## Records for the task
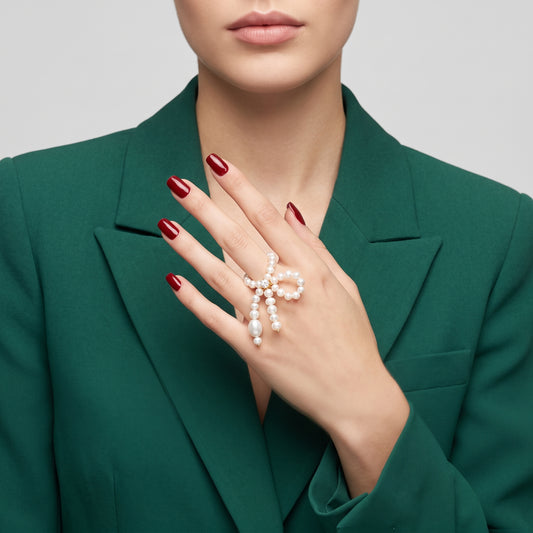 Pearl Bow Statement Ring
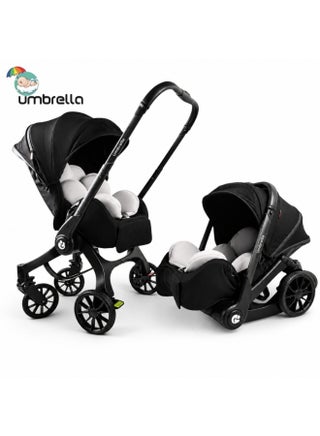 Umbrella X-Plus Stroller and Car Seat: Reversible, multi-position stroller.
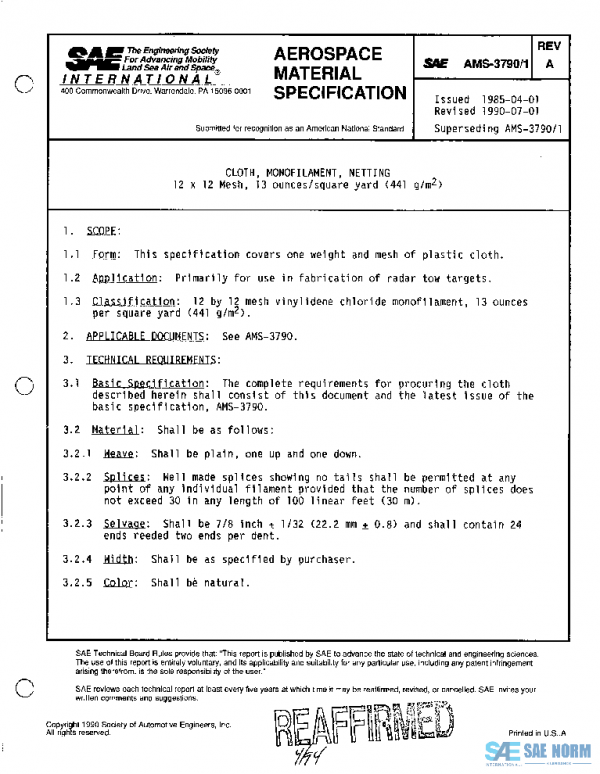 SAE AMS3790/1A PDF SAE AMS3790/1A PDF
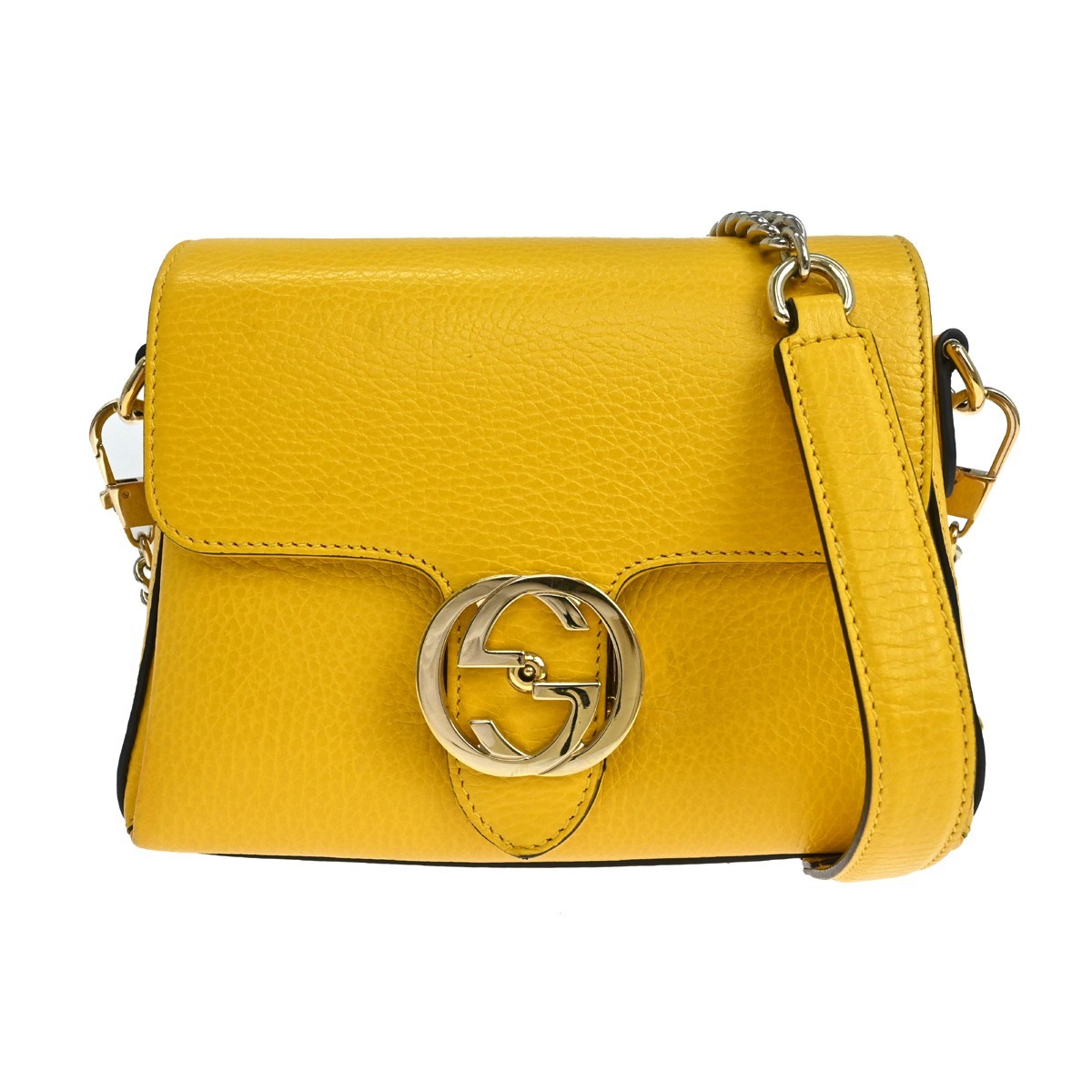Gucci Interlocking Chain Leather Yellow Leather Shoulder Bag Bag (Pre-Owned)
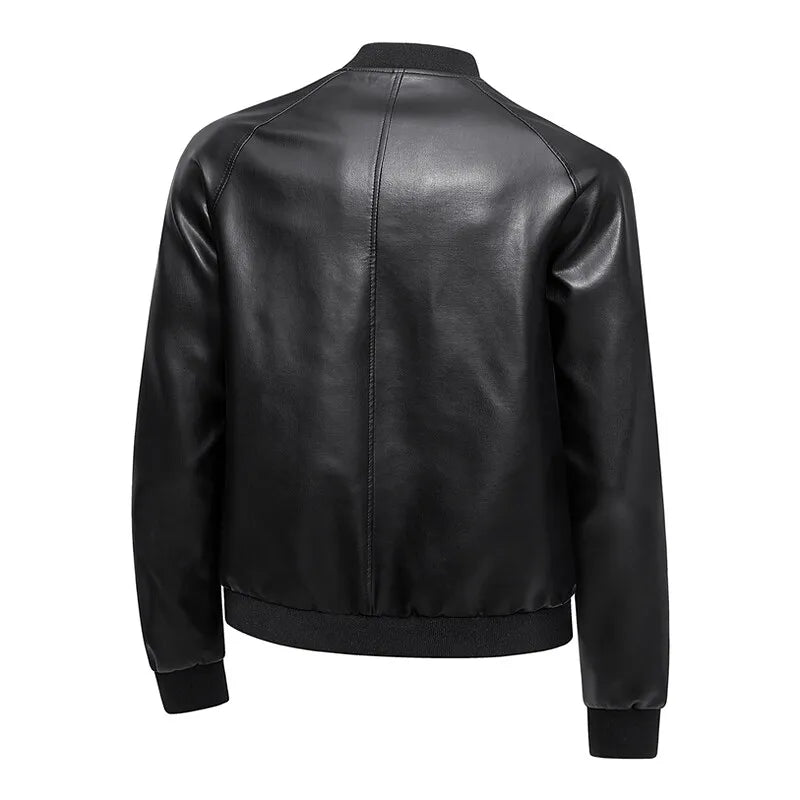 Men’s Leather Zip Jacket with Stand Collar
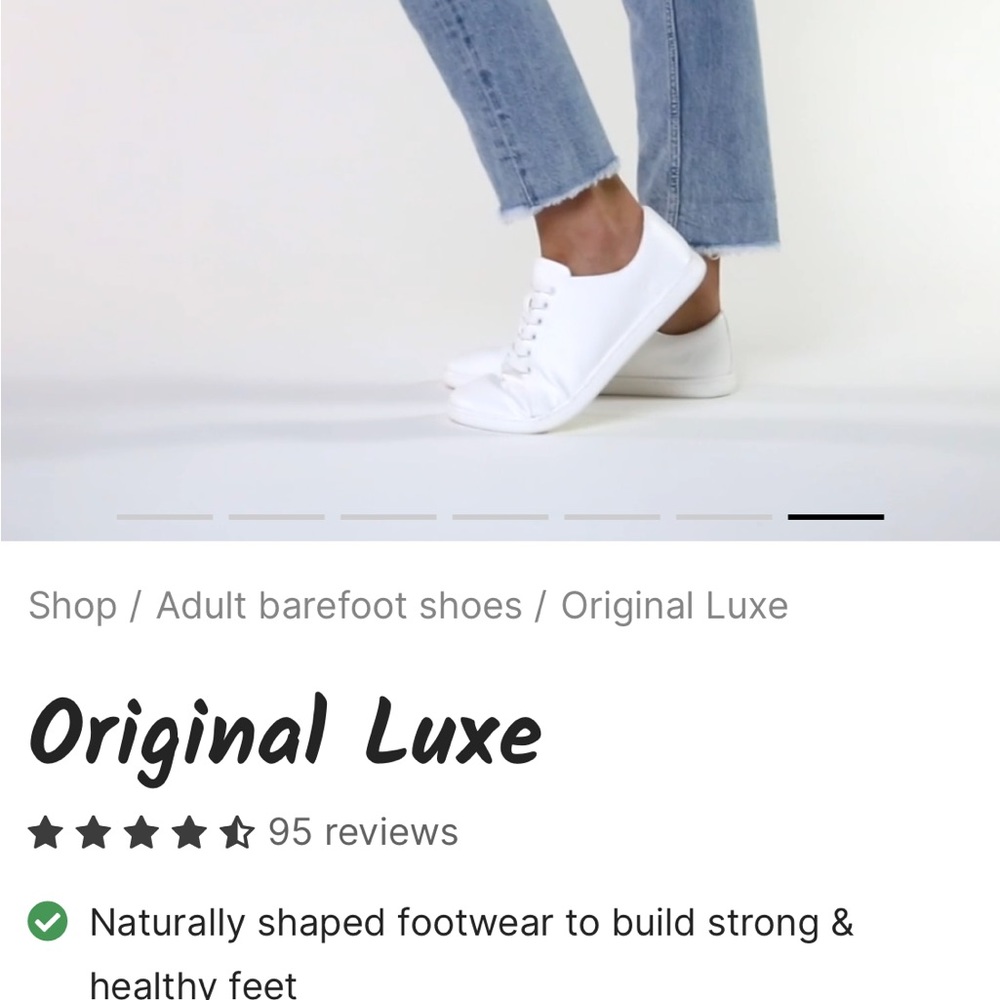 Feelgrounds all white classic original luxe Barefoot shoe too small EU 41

## About this exercise
Print every entry word for word; omit the pictures.

## Task output
 Pearl Bow Statement Ring
 Umbrella X-Plus Stroller and Car Seat: Reversible, multi-position stroller.
 SAE AMS3790/1A PDF SAE AMS3790/1A PDF
Gucci Interlocking Chain Leather Yellow Leather Shoulder Bag Bag (Pre-Owned)
 Men’s Leather Zip Jacket with Stand Collar
 Feelgrounds all white classic original luxe Barefoot shoe too small EU 41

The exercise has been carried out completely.